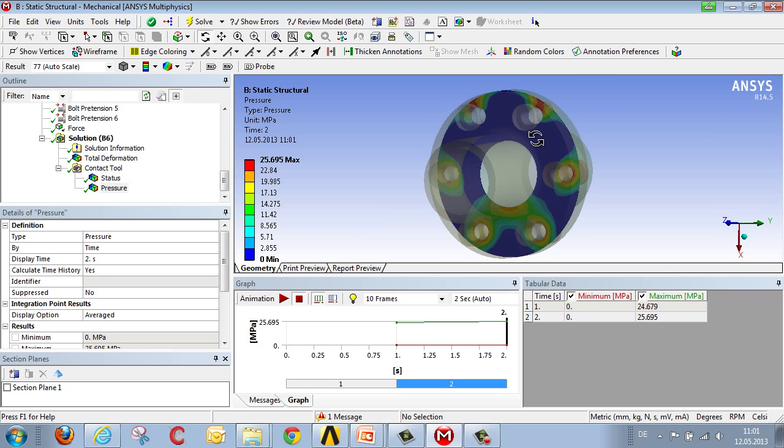In the next presentation, we will be demonstrating how to evaluate a bolt of type VDI 2230.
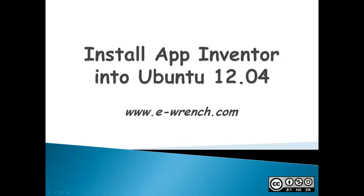Hello, my name is Mike Rayner and I'm with eWrench.com. This video is about how to install App Inventor into Ubuntu 12.04. App Inventor used to be run by Google but now it's run by MIT, and it'll create programs for you to use on an Android type phone.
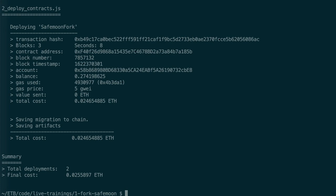And after, it's going to deploy our SafeMoon token. And at the end, we have the total cost of deployment.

- **Task brief**: Set down all of the material above exactly as written, leaving the pictures out.

- **Written answer**:
In the next presentation, we will be demonstrating how to evaluate a bolt of type VDI 2230.
Hello, my name is Mike Rayner and I'm with eWrench.com. This video is about how to install App Inventor into Ubuntu 12.04. App Inventor used to be run by Google but now it's run by MIT, and it'll create programs for you to use on an Android type phone.
And after, it's going to deploy our SafeMoon token. And at the end, we have the total cost of deployment.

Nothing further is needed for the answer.